However, this also have the sad implication that an ill-designed glyph
code will always render junk, whatever the font engine's version, and
that it's very difficult to produce quality glyph code. There are about
200 TrueType opcodes, and no known `high-level language' for it. Most
type artists aren't programmers at all and the only tools able to
produce quality code from vectorial representation have been
distributed to only a few font foundries, while tools available to the
public, e.g. Fontographer, are usually expensive though generating
average to mediocre glyph code.
All this explains why an enormous number of broken or ugly `free' fonts
have appeared on the TrueType scene, and that this format is now
mistakenly thought as `crap' by many people. Funnily, these are often
the same who stare at the `beauty' of the classic `Times New Roman' and
`Arial/Helvetica' at 8 points.
Once a glyph's code has been executed, the scan-line converter converts
the fitted outline into a bitmap (or a pixmap with font-smoothing).
------------------------------------------------------------------------
III. Glyph metrics
1. Baseline, Pens and Layouts
The baseline is an imaginary line that is used to `guide' glyphs when
rendering text. It can be horizontal (e.g. Roman, Cyrillic, Arabic,
etc.) or vertical (e.g. Chinese, Japanese, etc). Moreover, to render
text, a virtual point, located on the baseline, called the pen
position, is used to locate glyphs.
Each layout uses a different convention for glyph placement:
o With horizontal layout, glyphs simply `rest' on the baseline. Text
is rendered by incrementing the pen position, either to the right
or to the left.
[Image]
The distance between two successive pen positions is
glyph-specific and is called the advance width. Note that its
value is always positive, even for right-to-left oriented
alphabets, like Arabic. This introduces some differences in the
way text is rendered.
------------------------------------------------------------------
IMPORTANT NOTE:
The pen position is always placed on the baseline in TrueType,
unlike the convention used by some graphics systems, like Windows,
to always put the pen above the line, at the ascender's position.

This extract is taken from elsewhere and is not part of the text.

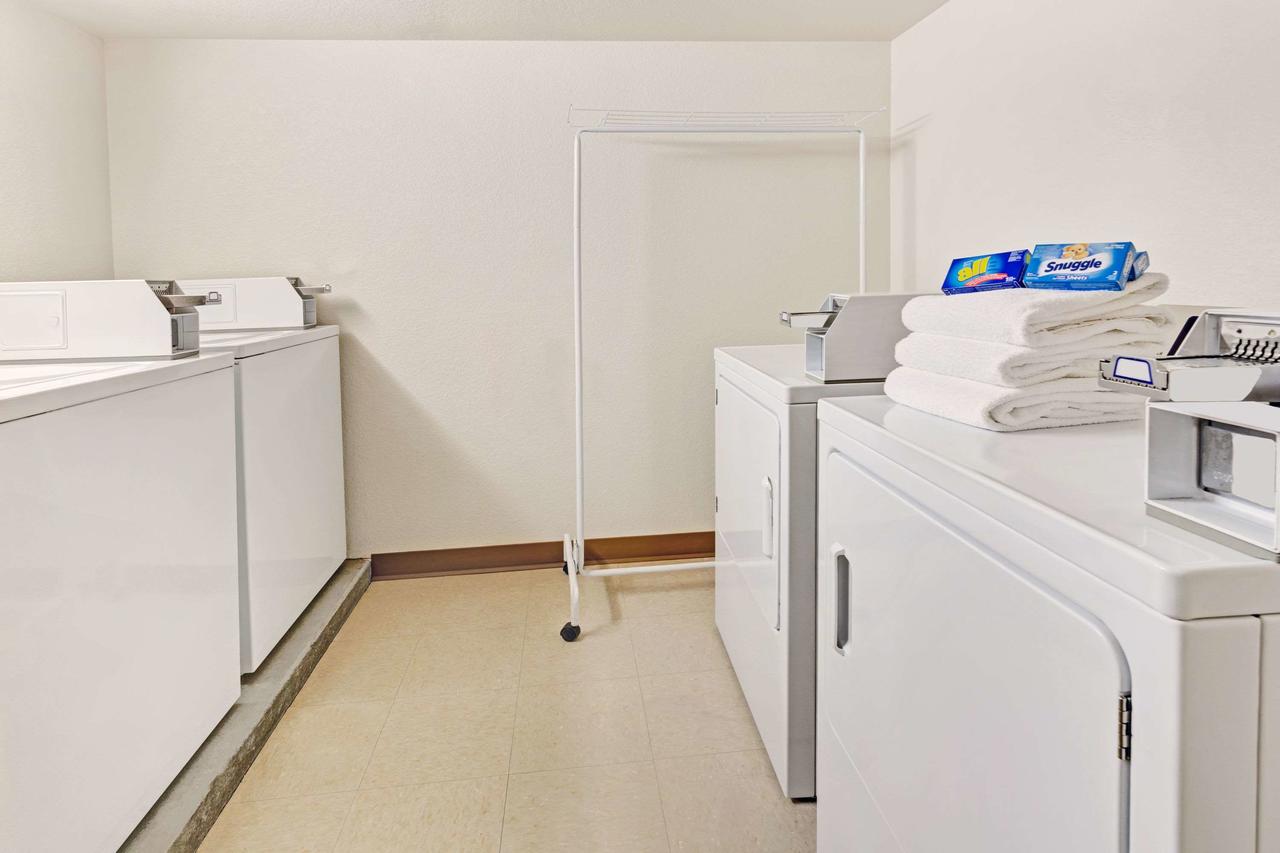 Microtel Inn & Suites Cheyenne - thumb 4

------------------------------------------------------------------
o With vertical layout, glyphs are centered around the baseline:
[Image]
2. Typographic metrics and bounding boxes
A various number of face metrics are defined for all glyphs in a given
font. Three of them have a rather curious status in the TrueType
specification; they only apply to horizontal layouts:
o The ascent
This is the distance from the baseline to the highest/upper grid
coordinate used to place an outline point. It is a positive value,
due to the grid's orientation with the y axis upwards.
o The descent
The distance from the baseline to the lowest grid coordinate used
to place an outline point. This is a negative value, due to the
grid's orientation.
o The linegap
The distance that must be placed between two lines of text. The
baseline-to-baseline distance should be computed as
ascent - descent + linegap
if you use the typographic values.
The problem with these metrics is that they appear three times in a
single font file, each version having a slightly different meaning:
1. The font's horizontal header provides the ascent, descent and
linegap fields, which are used to express the designer's intents,
rather than the real values that may be computed from all glyphs
in the outline. These are used by the Macintosh font engine to
perform font mapping (i.e. font substitution).
2. The OS/2 table provides the usWinAscent and usWinDescent fields.
These values are computed for glyphs of the Windows ANSI charset
only, which means that they are wrong for any other glyph. Note
that usWinDescent is always positive (i.e. looks like `-descent').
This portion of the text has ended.